In fact, the biggest downer is the fact that you started at -100 when you were drinking.  When you stop, you get to, say, -10.  You think that something big was accomplished, and true, it’s something big for you.  But the rest of the world carries on and in their eyes nothing has been accomplished.  You were stupid to have gotten to -100 to start with and now that you’re still not ‘normal’ do not expect a pat on the back!

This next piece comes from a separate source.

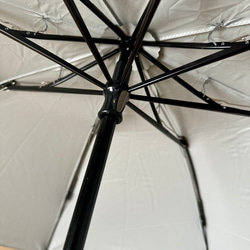 日傘 雨傘 逆さま傘 折りたたみ傘 骨8本 竹ハンドル 晴雨兼用 完全遮光 UPF50 99％UVカット グレー 8枚目の画像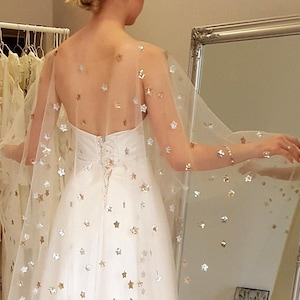 グレーの星型スパンコールのウェディング ケープ: 輝く星座の星月ブライダル カバーアップ クローク。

Which brings me to patience and faith.  Without faith that it’s all worth it and that things are pointing in the right direction, it’s easy to give up( especially when you have a society and a bunch of people goading you to drink, but more on that later).  I have to believe (without any evidence) that it’s for the good.  That things will take care of themselves, if I stay the path.  And loads of patience.  I would love to have the effect and outcome I desire (which is be energetic, less depressed or moody, etc. etc.) fast, but things take their own time.  It’ll take some time (and I dont know how much) to heal the body and mind that was subject to copious amounts of alcohol for the last 3-4 years.

My engine used to run on alcohol, now I need to tune it to run on faith and patience.  It’s a work in progress and I can only believe that it’ll all be fine in the end.